LISTED RECORDS
________
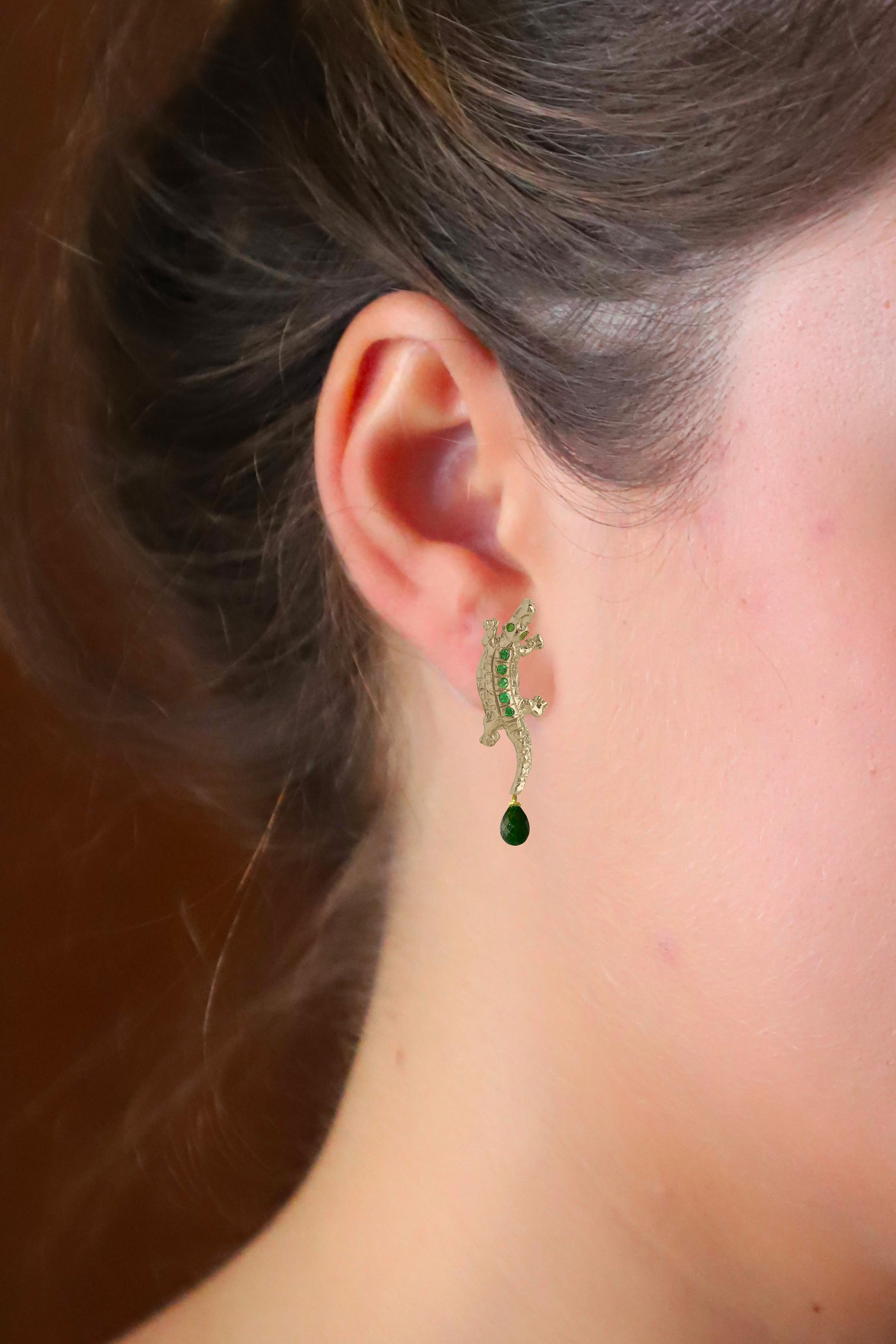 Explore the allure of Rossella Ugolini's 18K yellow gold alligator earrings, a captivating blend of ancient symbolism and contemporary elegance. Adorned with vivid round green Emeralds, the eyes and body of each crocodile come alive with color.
________
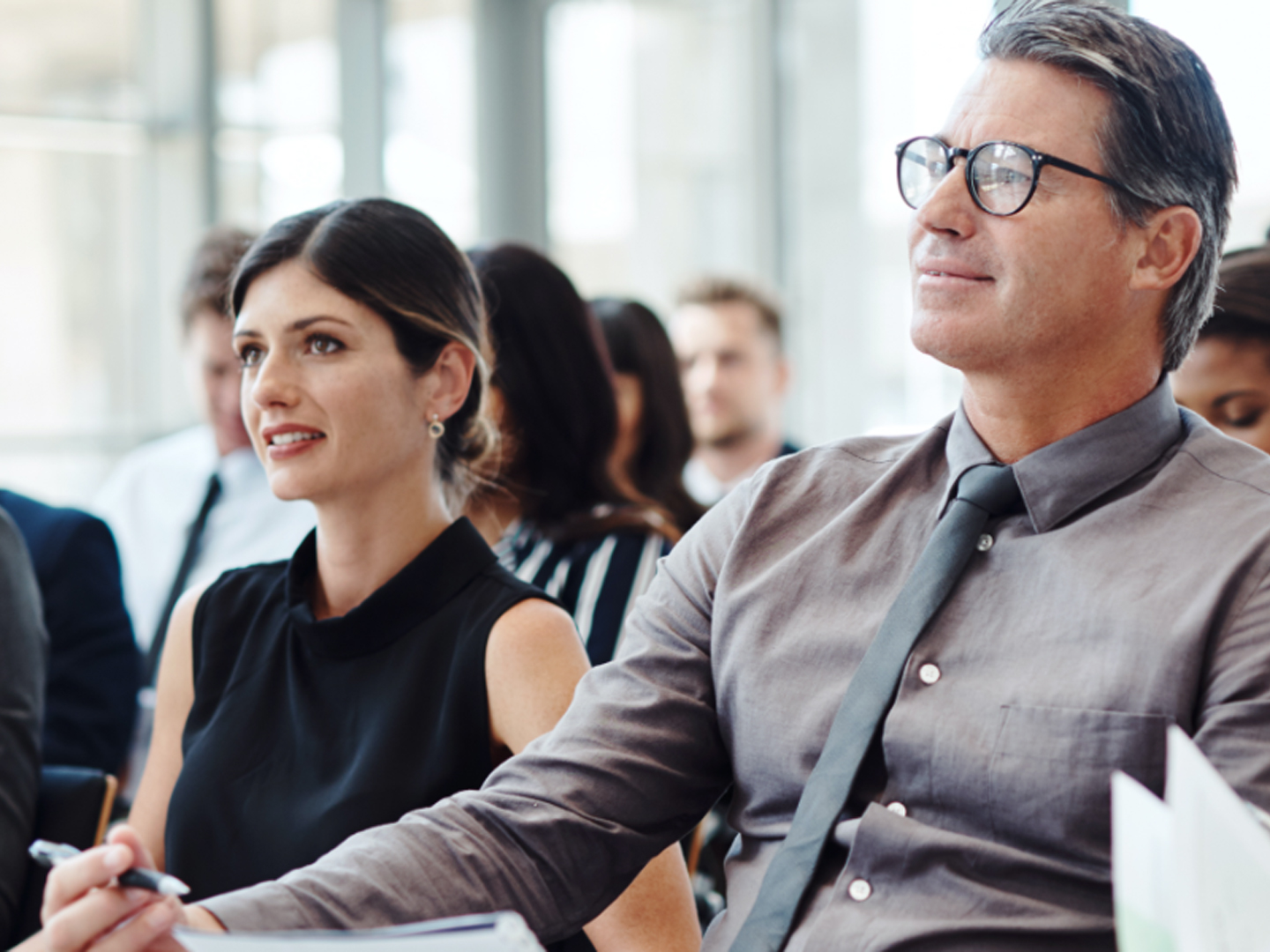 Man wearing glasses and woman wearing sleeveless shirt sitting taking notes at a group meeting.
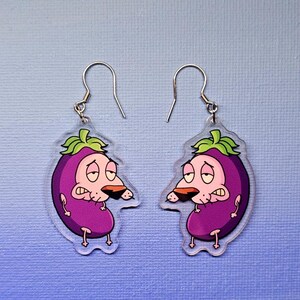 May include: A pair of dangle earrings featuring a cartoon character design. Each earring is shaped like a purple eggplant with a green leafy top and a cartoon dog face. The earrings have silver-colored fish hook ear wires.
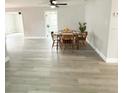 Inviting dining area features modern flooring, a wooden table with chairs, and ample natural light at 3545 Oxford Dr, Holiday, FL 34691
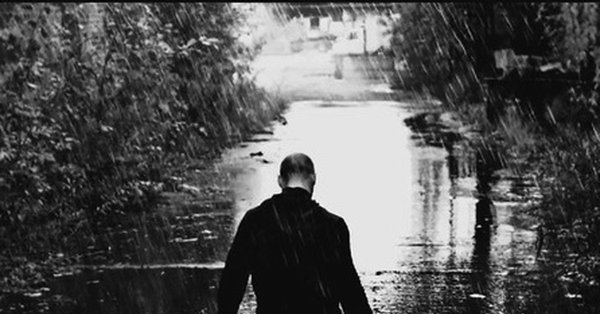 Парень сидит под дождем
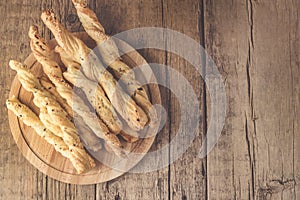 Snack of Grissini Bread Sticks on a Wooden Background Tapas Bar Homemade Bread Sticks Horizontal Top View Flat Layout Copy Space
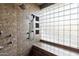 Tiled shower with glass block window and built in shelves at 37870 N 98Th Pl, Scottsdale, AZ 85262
________
PROBLEM TO WORK ON
From the listing above, restate verbatim the lines running from the one with "Парень сидит под дождем" through the one with "Tiled shower with", inclusive, but not the pictures.

ANSWER TO THE EXERCISE
 Парень сидит под дождем
 Snack of Grissini Bread Sticks on a Wooden Background Tapas Bar Homemade Bread Sticks Horizontal Top View Flat Layout Copy Space
 Tiled shower with glass block window and built in shelves at 37870 N 98Th Pl, Scottsdale, AZ 85262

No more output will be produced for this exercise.